EngEd Community

Section’s Engineering Education (EngEd) Program fosters a community of university students in Computer Science related fields of study to research and share topics that are relevant to engineers in the modern technology landscape. You can find more information and program guidelines in the GitHub repository. If you're currently enrolled in a Computer Science related field of study and are interested in participating in the program, please complete this form .

A Step by Step Guide to Implement Naive Bayes Algorithm in R

November 18, 2021

Naive Bayes is a machine learning algorithm based on the Bayes Theorem, and it’s used to solve classification problems. The Naive Bayes classifier is very effective and can be used with highly complex problems despite its simplicity. Due to its ability to handle highly complex tasks, the Naive Bayes has gained popularity in machine learning for a long time. Some Naive Bayes applications include; sentiment analysis, spam filtering, text classification, and much more.

This tutorial will discuss the Naive Bayes algorithm and its principles to deliver a solid and clear understanding of this tool. Later, we will discuss the real-world application of the Naive Bayes algorithm. Finally, we will implement and evaluate its performance using a confusion matrix in R.

Prerequisites

To follow along with this tutorial, you’re required to have:

  • R installed on your computer.
  • Programming skills in R.
  • A dataset that we will use in our implementation.
  • Required packages installed, i.e.,
    • install.packages(‘caTools’)
    • install.packages(‘e1071’)

Introduction to the Naive Bayes Algorithm

Before diving into Naive Bayes, we must first understand the Bayes Theorem and its assumptions. To understand this, we first consider a conditional probability from which the mathematical representation of the Bayes theorem is derived.

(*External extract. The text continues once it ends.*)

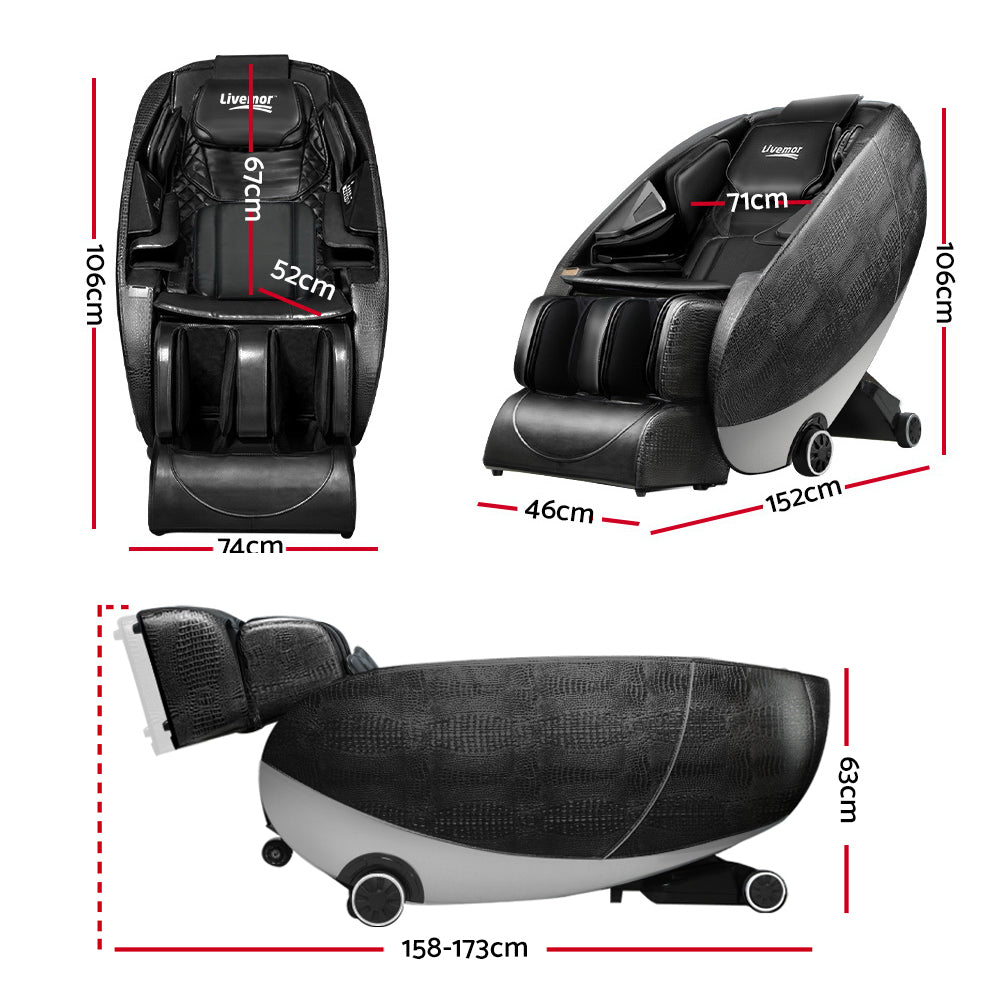 Livemor Massage Chair Zero Gravity Electric Massage Recliner Chair Deluxe Black - SILBERSHELL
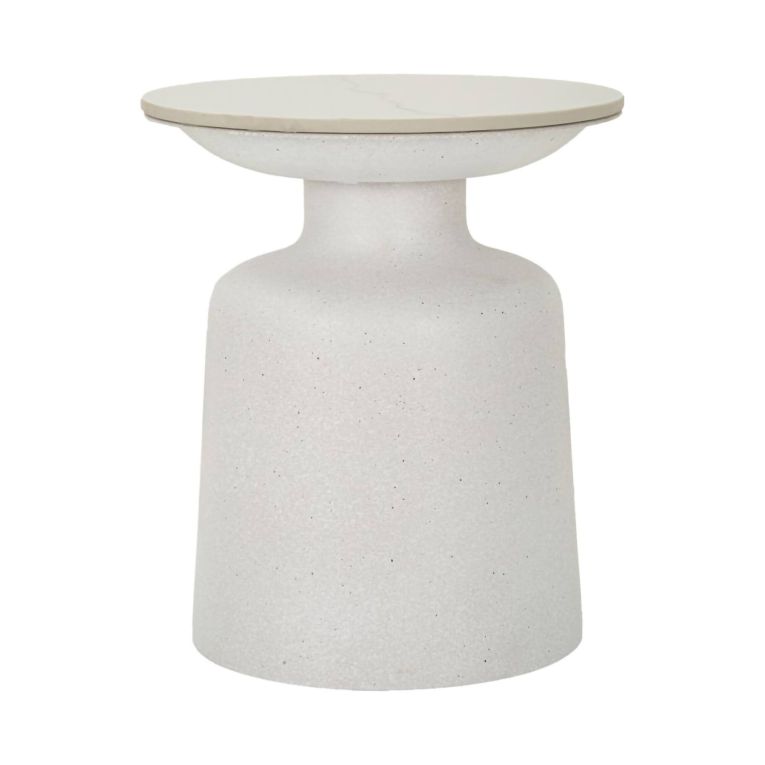 Tavolino da salotto Rakaia, Tavolo basso da caffè, Portariviste per divano, Ripiano da soggiorno, 40x40 h47 cm, Bianco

From the probability and statistic world, the conditional probability is defined as:

$p(A|B)=\frac{p(A\cap B)}{p(B)}$

Where:

  • A and B are two events.
  • $p(A|B)$ is the conditional probability. We read this as the probability of A given B.
  • $p(A\cap B)=p(A, B)$ is called the joint probability, i.e., probability of A and B happening together.
  • $p(B)$ is the probability of event ${B}$ .

From the probability rules: Sum: $p(A)=\sum_{all B} {p(A,B)}$ and,

Product: ${p(A,B)}=p(B|A)p(A)$

From the symmetry property $p(A, B) = p(B, A)$, thus, we can define:

$p(B|A)=\frac{p(A,B)}{p(A)}\rightarrow {p(A,B)}=p(B|A)p(A)$

This relationship defines how the product rule above comes about.

Using the rule above, we can rewrite our conditional probability as follows:

$p(A|B)=\frac{p(B|A)p(A)}{p(B)}$ which is the Bayes theorem.

Note that, introducing the sum rule on the $p{(B)}$, this theorem can be written as:

$p(A|B)=\frac{p(B|A)p(A))}{\sum_{all A} {p(B|A)p(A)}}$.

Now that we know the mathematical representation of the Bayes theorem let’s understand its components.

  • The component $p(A|B)$ is called posterior. This quantity is defined as the probability of the hypothesis given data.
  • The ${p(B|A)}$ is called likelihood. It’s is the probability of the data given the hypothesis.
  • The $p(A)$ is called prior. It represents our belief about the distribution.
  • The $p(B)$ is defined as the normalizing constant.

This term can as well be written as:

$p(B)=\sum_{all A} {p(B|A)p(A)}$

  • $p(B)$ ensures that the sum of the posterior over all A values equals one.

The Bayes theorem assumes that events A and B are independent of each other. However, with real-world datasets, this assumption is not always valid. It’s usual for dataset features to be correlated.

Therefore, this assumption of the Bayes theorem based on this assumption remains to be ‘naive’. This is why in machine learning, this algorithm is called Naive Bayes Algorithm.

Implementing Naive Bayes Algorithm

We will implement our model on a business dataset that contains information about customers who previously transacted with the business. The dataset consists of 400 customers, and each customer has information on their age, their estimated salary, and whether they bought a particular product or not.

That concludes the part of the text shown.